I am confused about the 2nd part, seems like as K approaches W, the amplitude will be extreamly high.
If you think of the system as a Simple Oscillator (y'' = -w^2y) with a small driving force (Bcos(kt)), the fact that you get a huge oscialltion when the driving frequency K is close to natural frequency W seems odd. :confused: Especially when the amplitude is only growing linearly with time when K = W. Does somebody happen to know any valid explanation for this?

Thank you.

Resonance.

When the driving function is at the natural frquency of the oscillator it
is pumping energy into the system and so the amplitude goes off to infinity.

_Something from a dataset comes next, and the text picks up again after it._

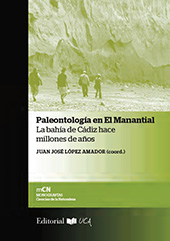 E-book, Paleontología en El Manantial : la bahía de Cádiz hace millones de años, Universidad de Cádiz, Servicio de Publicaciones
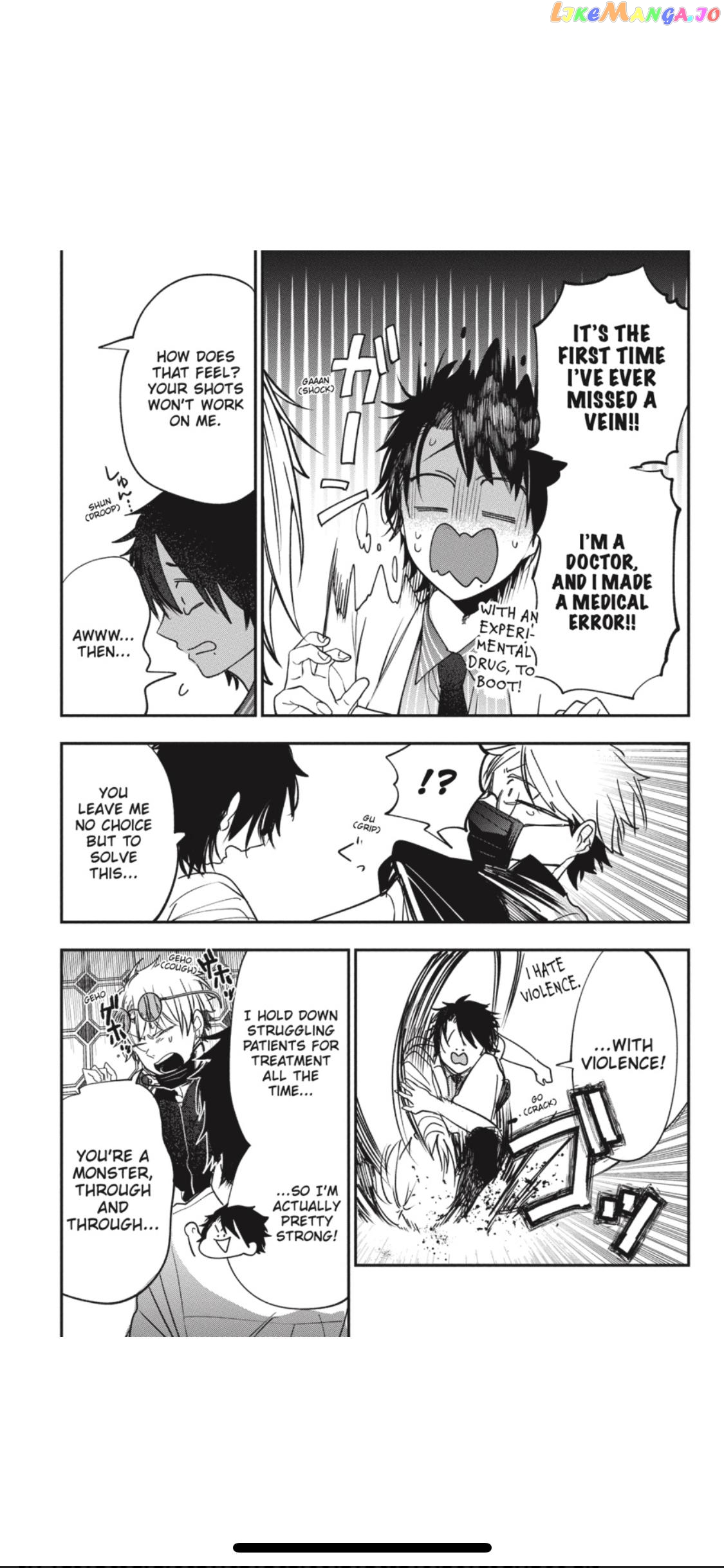 Youkai Gakkou no Sensei Hajimemashita! chapter 73 - page 14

Look at the solution to the first ODE where K=W, there is a t infront of
one of the sinusoids, so as t goes to infinity the amplitude goes to
infinity.

RonL
• July 11th 2007, 09:42 AM
cyal
Quote:

Originally Posted by CaptainBlack
Resonance.

When the driving function is at the natural frquency of the oscillator it
is pumping energy into the system and so the amplitude goes off to infinity.

Look at the solution to the first ODE where K=W, there is a t infront of
one of the sinusoids, so as t goes to infinity the amplitude goes to
infinity.

RonL

Right I understand that at Resonance the oscillator will keep gaining energy as the time increases.

But with the solution to the 2nd ODE, time does not need to be infinity, even with in a 1/10th of a second the system can gain humongous energy when K is close to W.

consider K = W + 10^-4
then W^2 - K^2 => -2*W*10^-4
which means the second term in 2nd ODE, becomes
-B/(2*W)*10^4 * cos(kt)

even if you take 't' close to 1 or 2 seconds, that is a huge gain in energy. Even more than what the system would have gained at Resonance within the first two seconds, which is contrary to reality.

Or may be as K approaches W, the solution transforms into the 1st ODE solution for Resonance.